Near by the cavernous oven gaped yawningly, as if eager to swallow the luscious pies and calves prepared by the good housewife as her weekly contributions towards the domestic economy. Sometimes the neighbors gathered with the family on some stormy afternoon, and plates of rosy-cheeked apples and toothsome nuts, washed down with copious draughts of cider, increased the comfort and good cheer.
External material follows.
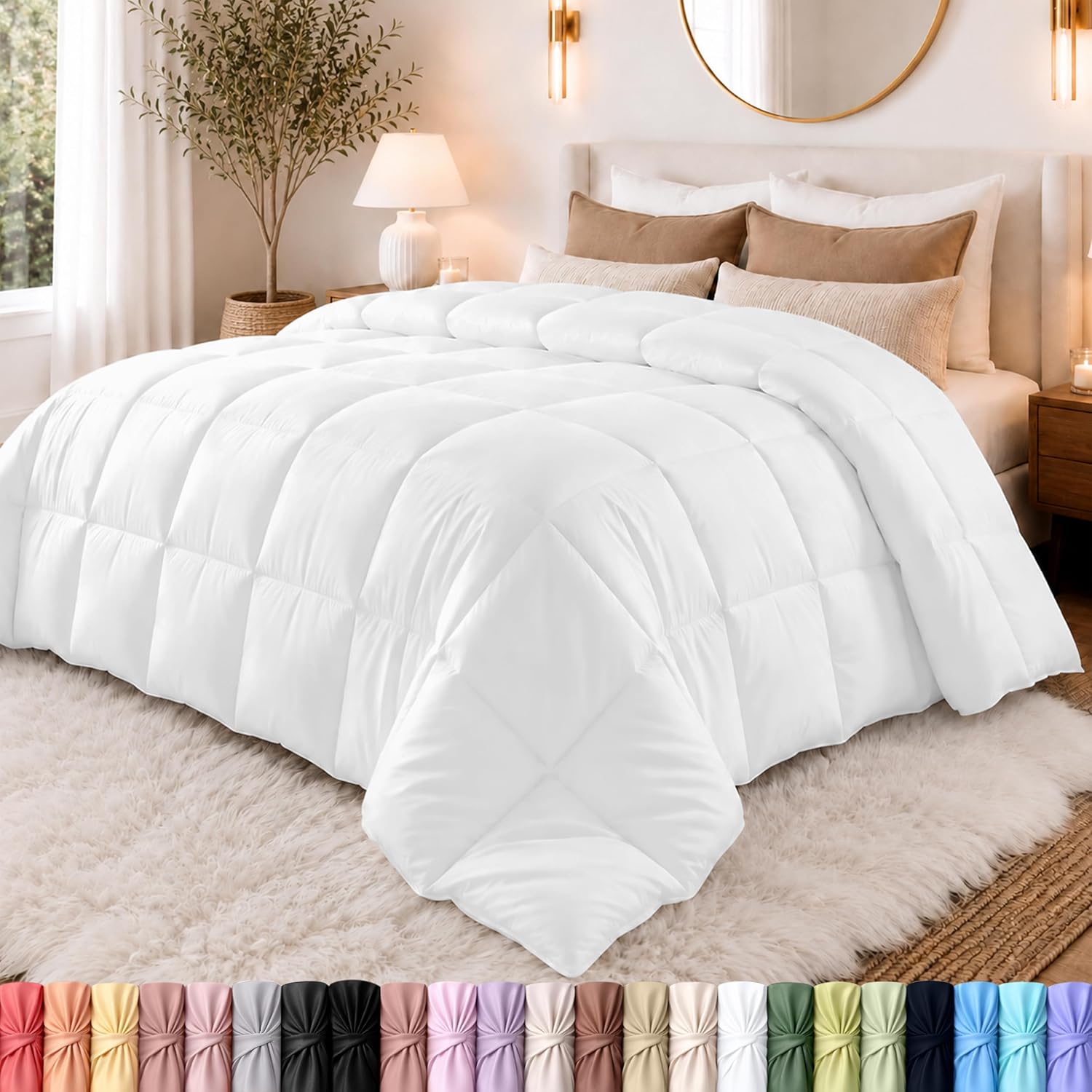 Detalle de Utopia Bedding UB0060 Queen Comforter, 88 x 88 Inches, White, Box-Stitched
And then what an inviting place the kitchen was on winter evenings for the family gathering, while oftentimes the wail of the Storm King about the wide chimsey tops formed a weird accompaniment to the evening hymns so often sung; or perhaps at nightfall the little ones were gathered about the mother's knee, and by the fitful blaze of the wood fire or flickering candle flame, the Bible stories from scenes depicted on the tiling about the fire place were told.

Nor must the great garret, extending over the whole house, with its nooks, and corners, peopled with the shadowy forms of long ago, be forgotten. This was indeed the store-house of the family. Piles of apples and nuts occupied the corners, and from the rafters were festooned strings of red peppers, clusters of seed corn, and bunches of dried herbs, filling the air with their spicy aroma, while tables bearing dozens of mince and pumpkin pies were overhung with strings of sausage.
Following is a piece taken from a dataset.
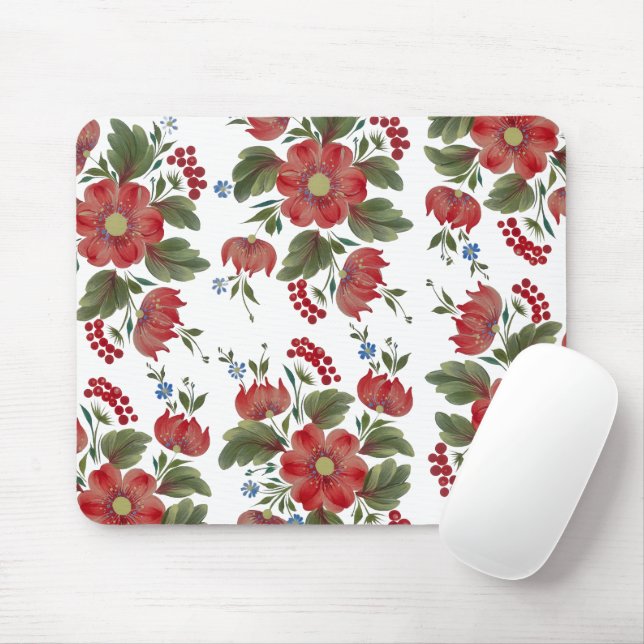 Rot & Grün Florales Volkskunst-Mauspad Mousepad (Mit Mouse)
At the end of the house was the home garden, usually superintended by the auntie, which was filled with a profusion of old-fashioned blumechas; four o'clocks and tulips, ragged sailors and poppies, banked with the blooming peony and stately dahlia, with the sweet-smelling syringa and lilac in the background, while the ever-present boxtree lent a sombre shade to the coloring. The fragrant mint and sweet marjoram, the savory sage, the pungent thyme, and the soothing lavender, mingled their odors in the air, the memory of which turns back the wheels of time and blots out all the intervening years.

The furniture was chosen and designed for its fitness and durability, the truth of which is proven by the fact that although made more than two centuries ago, there are specimens of this furniture gracing the drawing-rooms of the present day in a better state of preservation than articles of much more modern manufacture. Everything was kept scrupulously clean, and the good housewife displayed with pride the shining array of pots and pans upon her kitchen dressers, while the well scrubbed floor, ornamented in the early days with the strip of bright-colored carpet, was an object of housewifely pride.